Start of Material for this exercise
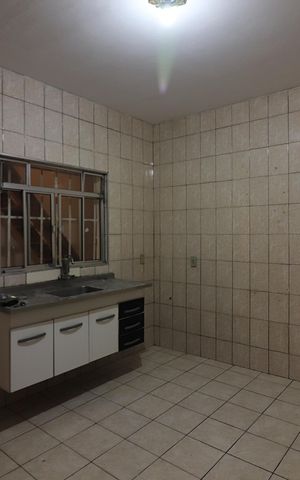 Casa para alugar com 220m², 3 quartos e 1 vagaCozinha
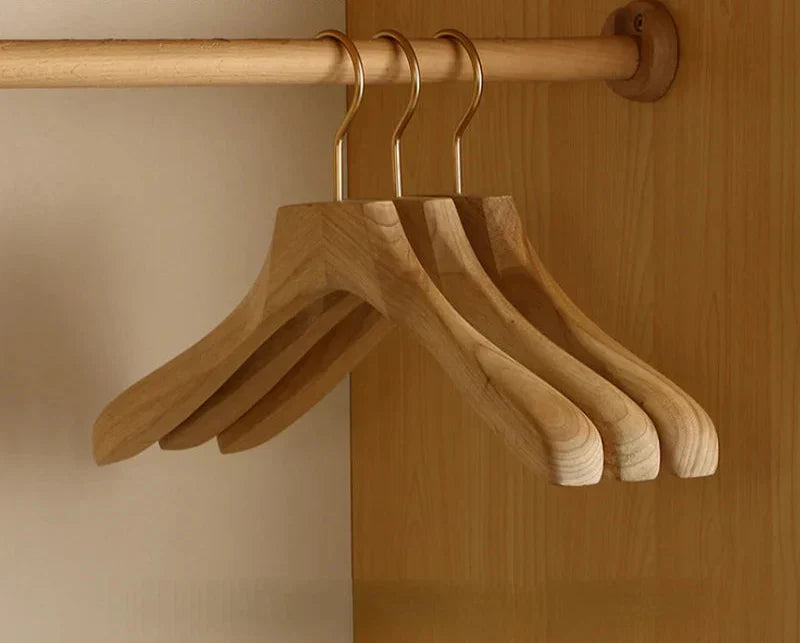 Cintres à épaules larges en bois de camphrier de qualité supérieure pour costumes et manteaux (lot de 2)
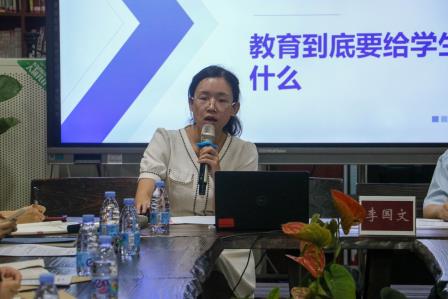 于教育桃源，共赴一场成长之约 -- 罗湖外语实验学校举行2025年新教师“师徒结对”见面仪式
End of Material for this exercise
Start of Material for this exercise
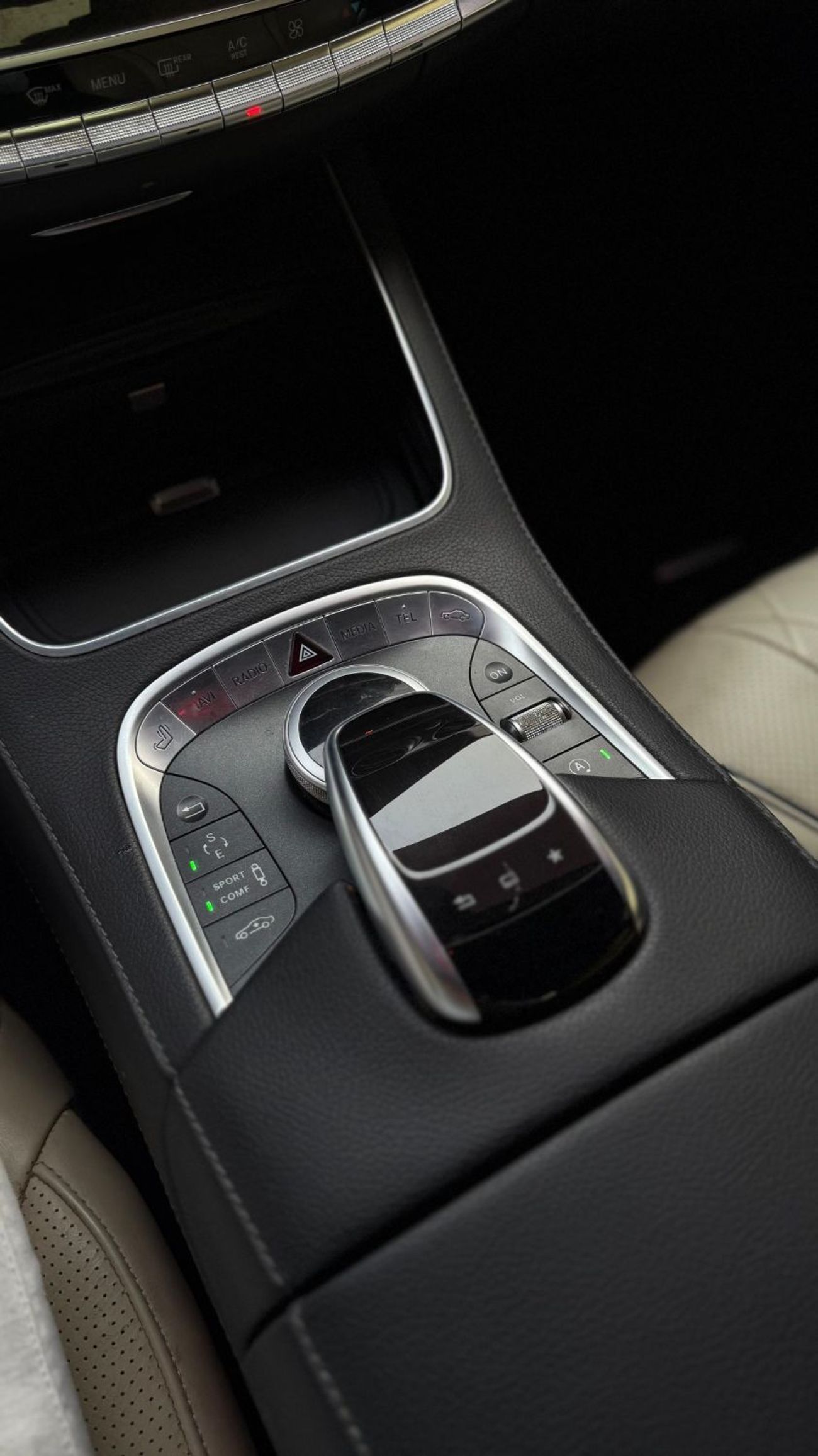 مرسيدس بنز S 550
End of Material for this exercise
Start of Material for this exercise
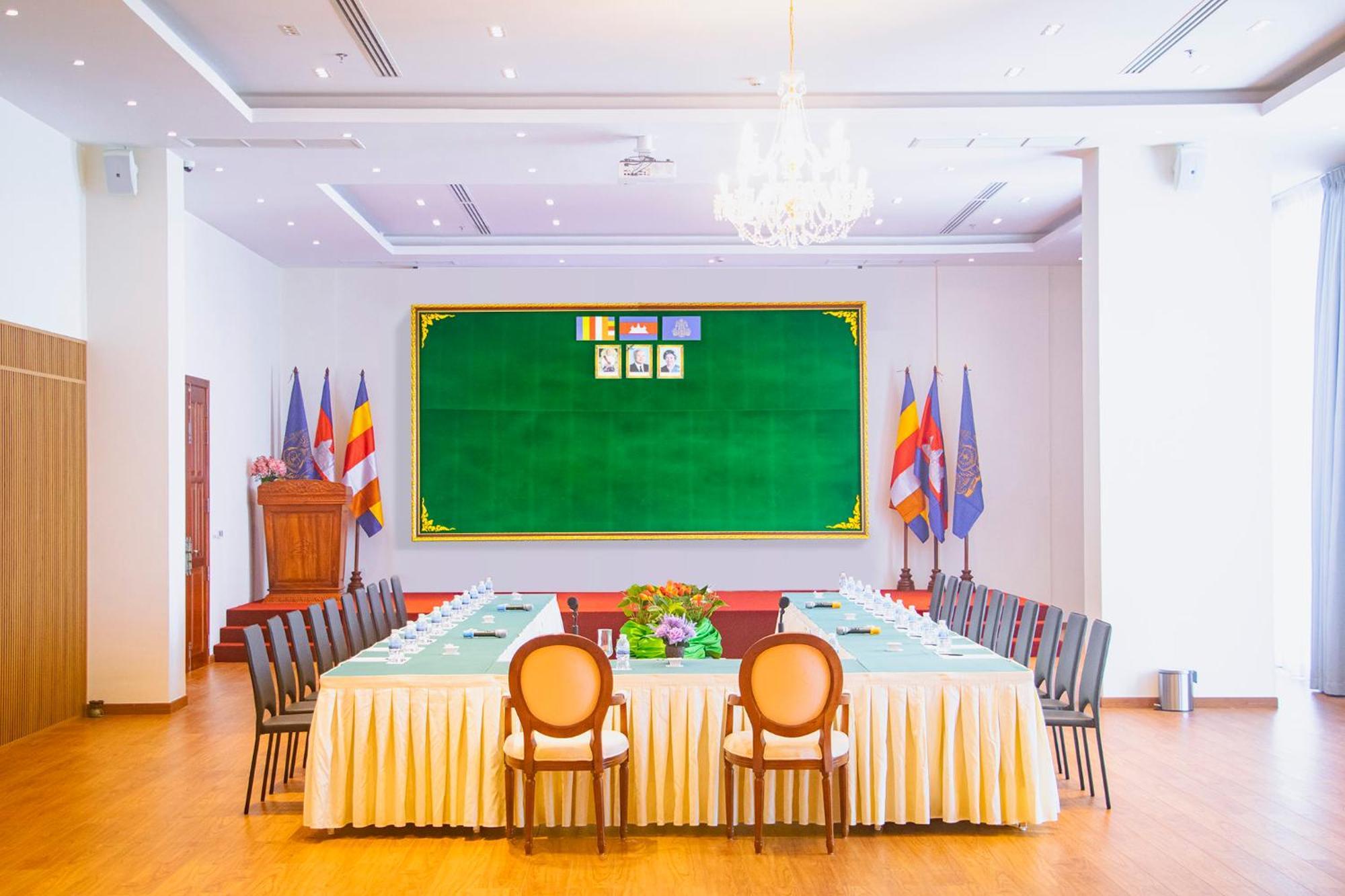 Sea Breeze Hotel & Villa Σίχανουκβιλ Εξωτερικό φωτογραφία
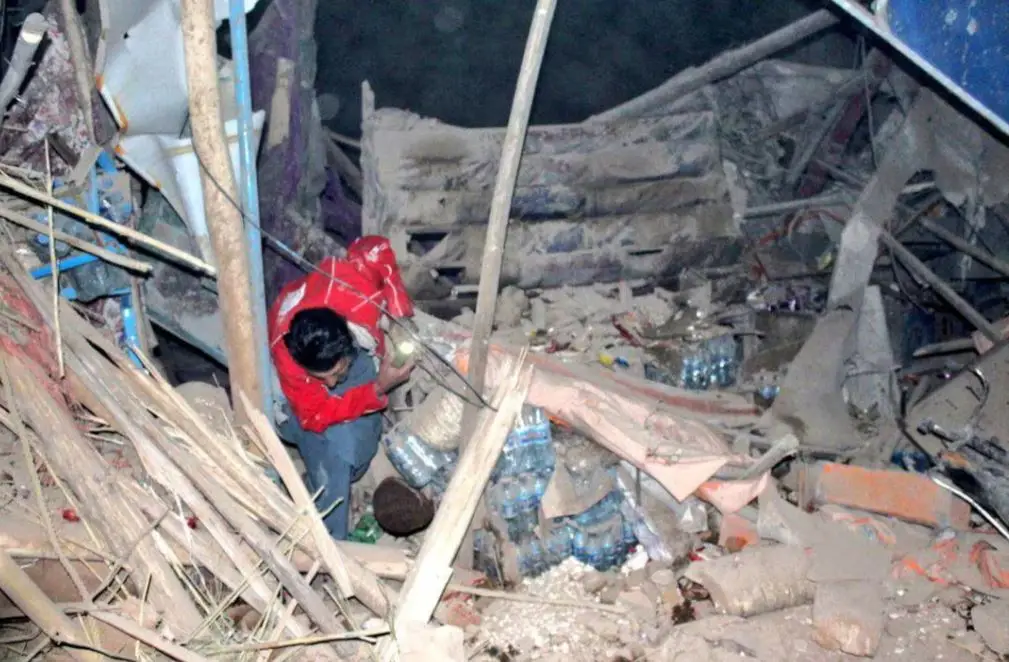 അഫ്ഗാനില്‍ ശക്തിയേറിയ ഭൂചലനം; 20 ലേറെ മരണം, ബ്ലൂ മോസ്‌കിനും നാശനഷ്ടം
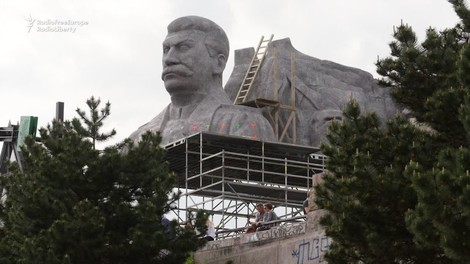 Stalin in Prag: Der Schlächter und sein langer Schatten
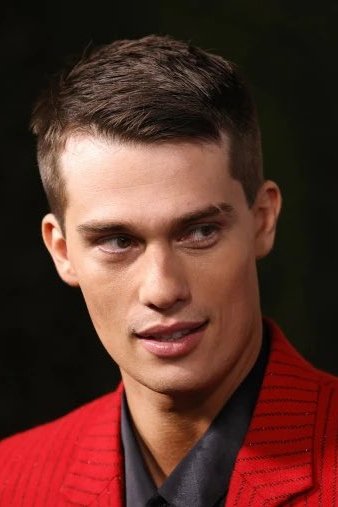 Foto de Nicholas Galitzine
End of Material for this exercise
*About this exercise*. In the data above, find the line containing "Stalin in Prag: Der" and the line containing "Foto de Nicholas Galitzine". Copy exactly the stretch from the first through the second, both included, leaving out any picture.

*Solution to this problem*.
 Stalin in Prag: Der Schlächter und sein langer Schatten
 Foto de Nicholas Galitzine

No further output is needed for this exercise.